Puts a whole new spin on the idea of mobile communities, doesn’t it?
And speaking of communities, Tara Westover has written a memoir about growing up in a survivalist family and her quest to get a more traditional education outside that familial unit. Educated is “a punch to the gut, a slow burn, a savage indictment, [and] a love letter” says one blurb, and another calls it “breathtaking, heart-wrenching, and inspirational.” We plucked it out of the stack earlier today, and immediately wanted to curl up in a chair and read the whole thing. Westover’s journey from her family’s cabin in the Idaho mountains to the halls of Harvard and Cambridge is indeed all the lovely things said about it. The book doesn’t shy away from the sometimes violent and ill-informed bonds of family, but it also doesn’t wave the flag of Reading, Writing, and Mathing as the summa bona of all existence. It’s a measured, nuanced, and powerfully moving examination of how we become who we are.
And speaking of transformation through personal strife, Myke Cole’s first foray into fantasy is out this week. Some of you might know Myke from his role as the bearded tech hottie on CBS’s TV show, Hunted, or you may know him from his more military-minded SF books. Regardless, he’s struck out in a new direction with The Armored Saint, delivering a story about a young woman who finds her path in a world beset by monsters, madmen, and evil empires.
And speaking of empires gone awry, this week’s debut is Gwendolyn Clare’s Ink, Iron, and Glass, the story of a world where scriptology is the art of making worlds up with the right pen, book, and author. Elsa, our dear protagonist, is sucked into a world that has been scripted by another where she meets a secret society of alchemists, mechanists, and scriptologists—along with a hot tinkerer with a sassy attitude and a woefully tragic past. Naturally, things go awry, and Elsa and her pals must fight well-scripted assassins in order to script the world right.
And speaking of saving the world, in a more celestial entry, we’ve got Rhoda Belleza’s Blood of a Thousand Stars, which returns us to a realm of high-stakes action, vicious politics, and villainous media darlings. We’ve got Rhee—back to reclaim her throne—and Alyosha, the revenge-driven assassin who suddenly finds himself caught up in a nostalgia tour, along with Kara, who is the true heir to the throne—as long as she can manage to fix her identity long enough—and Nero, who is so busy watching everything, he might miss the one thing that matters most.
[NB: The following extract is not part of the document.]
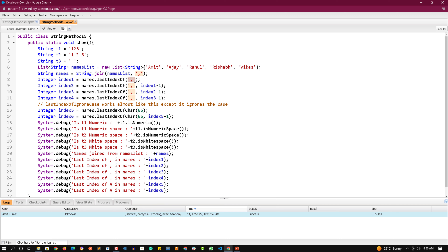For lastIndexOfIgnoreCase, when you want to use it, it checks the index ignoring the case. For lastIndexOfChar, we pass the ASCII code of the character — in part 1 we discussed ASCII codes. Passing ASCII code 65 (capital A) returns the last index of that character. Holding that index and calling again subtracting one gives the previous occurrence of the same capital A character — so the first call returns the index of 'A' in 'Ajay' and the next returns the index of 'A' in 'Amit'.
And speaking of things that matter, Rachel Hartman returns to the world of Goredd, the kingdom she made popular with Seraphina a few years ago. In Tess of the Road, our titular protagonist is a bit of a handful. She’s prone to doing things her way, which isn’t exactly easy in this quasi-medieval kingdom. And on the day that Tess is supposed to go off and join the nuns, she cuts her hair, finds a pair of boots, and heads off in the other direction. Tess is more interested in the open road and what lies at the end of it than the cloistered life of a devoted spiritual servant. What she finds on the road will ultimately test and reveal who she truly is.
And speaking of getting out and seeing things, Florence Williams’s book The Nature Fix: Why Nature Make Us Happier, Healthier, and More Creative is out in paperback this week. We’re not spoiling anything when we say that Williams has a perspective on the outside world that is holistic, restorative, and somewhere we’re inclined to go this very afternoon. We’re not insisting that you go out and hug a tree too, but consider it, because, you know, trees like hugs.